Multimodal large language models (MLLMs) have demonstrated significant potential in medical Visual Question Answering (VQA). Yet, they remain prone to hallucinations-incorrect responses that contradict input images, posing substantial risks in clinical decision-making. Detecting these hallucinations is essential for establishing trust in MLLMs among clinicians and patients, thereby enabling their real-world adoption. Current hallucination detection methods, especially semantic entropy (SE), have demonstrated promising hallucination detection capacity for LLMs. However, adapting SE to medical MLLMs by incorporating visual perturbations presents a dilemma. Weak perturbations preserve image content and ensure clinical validity, but may be overlooked by medical MLLMs, which tend to over rely on language priors. In contrast, strong perturbations can distort essential diagnostic features, compromising clinical interpretation. To address this issue, we propose Vision Amplified Semantic Entropy (VASE), which incorporates weak image transformations and amplifies the impact of visual input, to improve hallucination detection in medical VQA. We first estimate the semantic predictive distribution under weak visual transformations to preserve clinical validity, and then amplify visual influence by contrasting this distribution with that derived from a distorted image.
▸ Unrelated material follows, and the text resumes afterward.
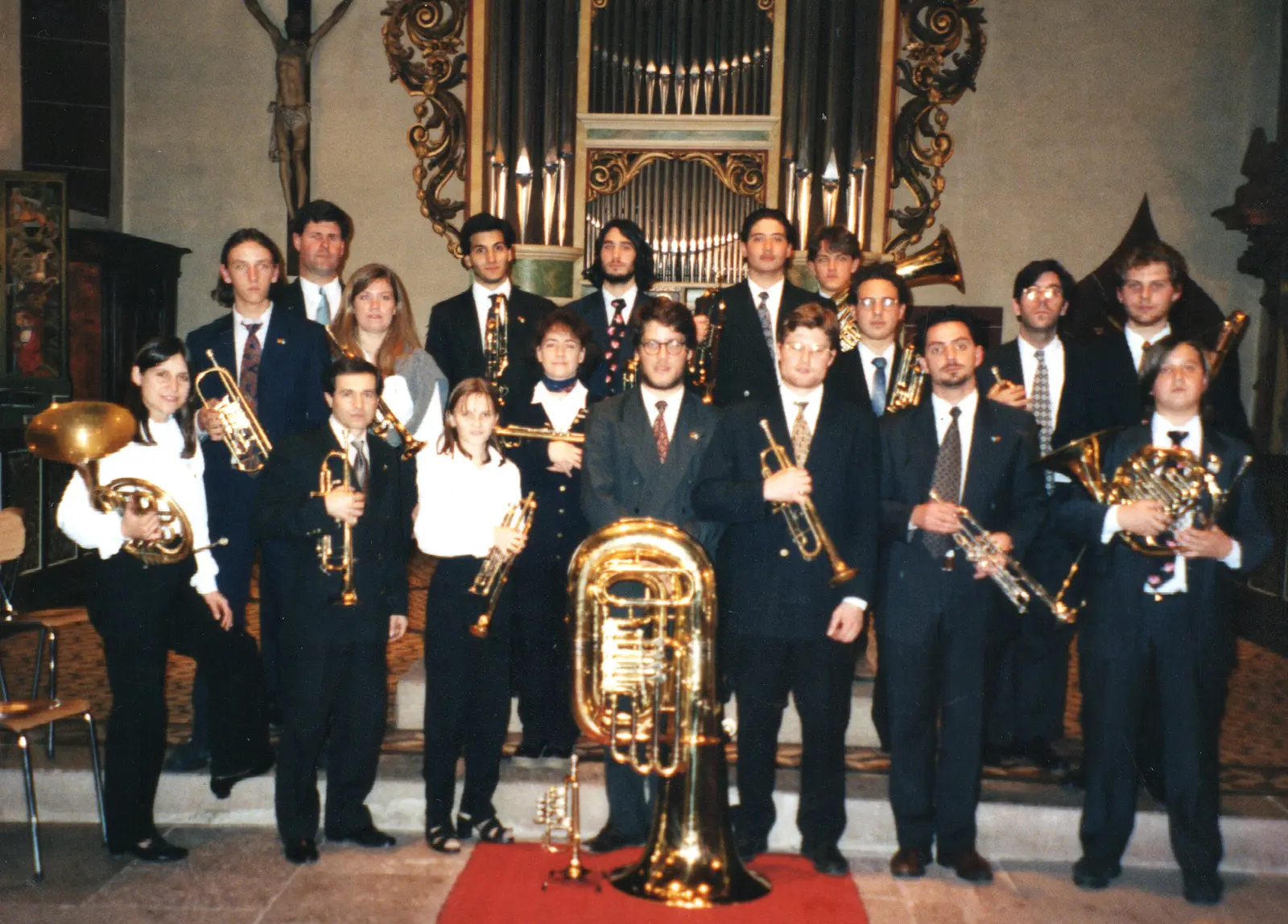 Los veinte músicos de la delegación posando de traje con sus instrumentos delante de un órgano barroco dorado, con un crucifijo de madera a la izquierda y una tuba apoyada sobre la alfombra roja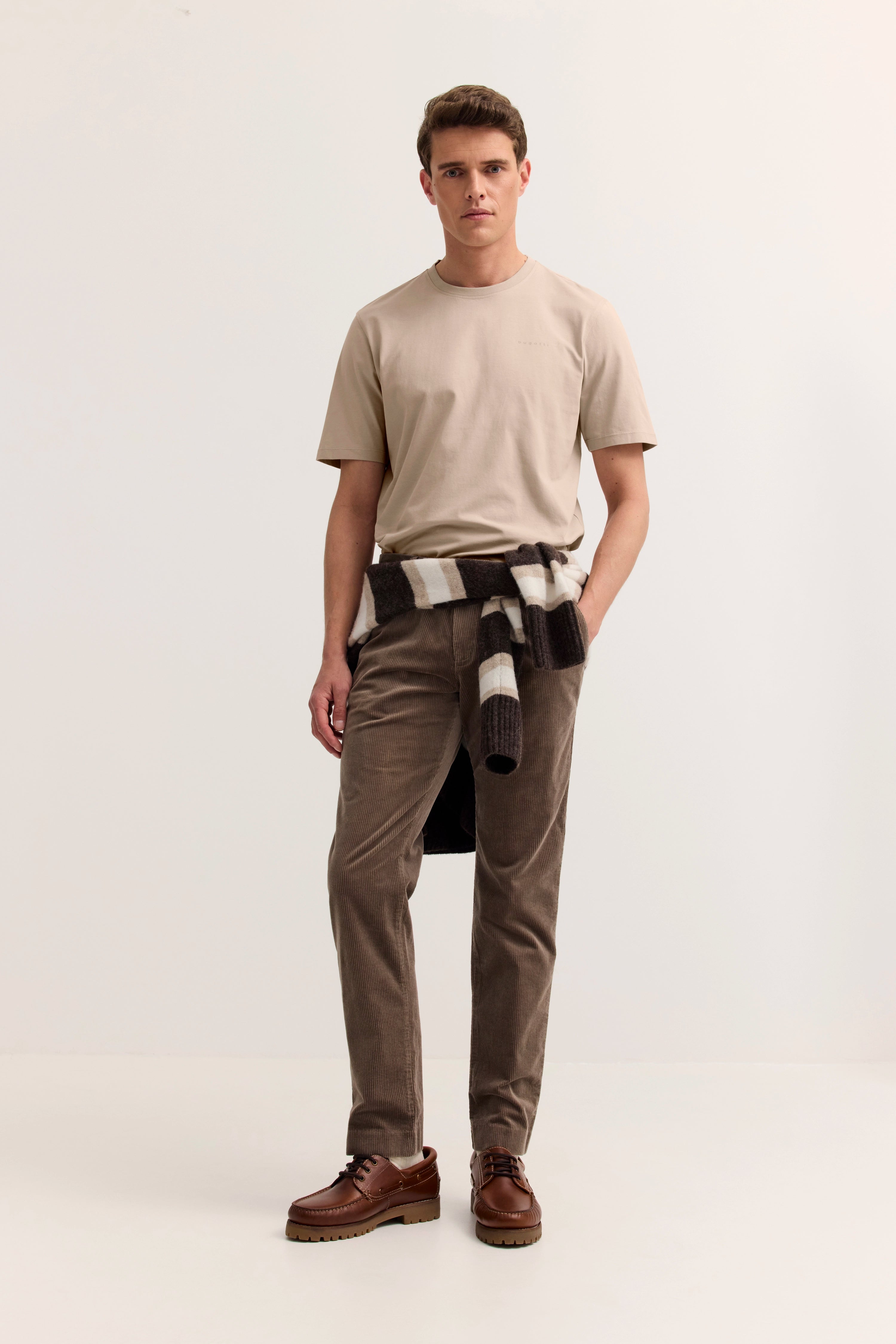 Model in beigefarbenem T-Shirt, brauner Hose, gestreiftem Schal, lässig, bugatti Stil.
The entropy of the resulting distribution is estimated as VASE. Experiments on two medical open-ended VQA datasets demonstrate that VASE consistently outperforms existing hallucination detection methods.

Paper Structure

This paper contains 9 sections, 4 equations, 2 figures, 2 tables.

Figures (2)

  • Figure 1: Overview of VASE estimation for hallucination detection in medical VQA. VASE refers to the entropy of the estimated C-SPD. A means semantic equivalence classes alignment. 'Prob.' means the probability.
  • Figure 2: The AUG curves of SE and VASE on the (a) open-ended test samples and (b) all test samples of MIMIC-Diff-VQA. Each point on the curve represents the mean GREEN score of the model on the most-confident X% of samples identified by SE/VASE. The red dash line refers to the mean GREEN score of all samples under setting (a) and (b).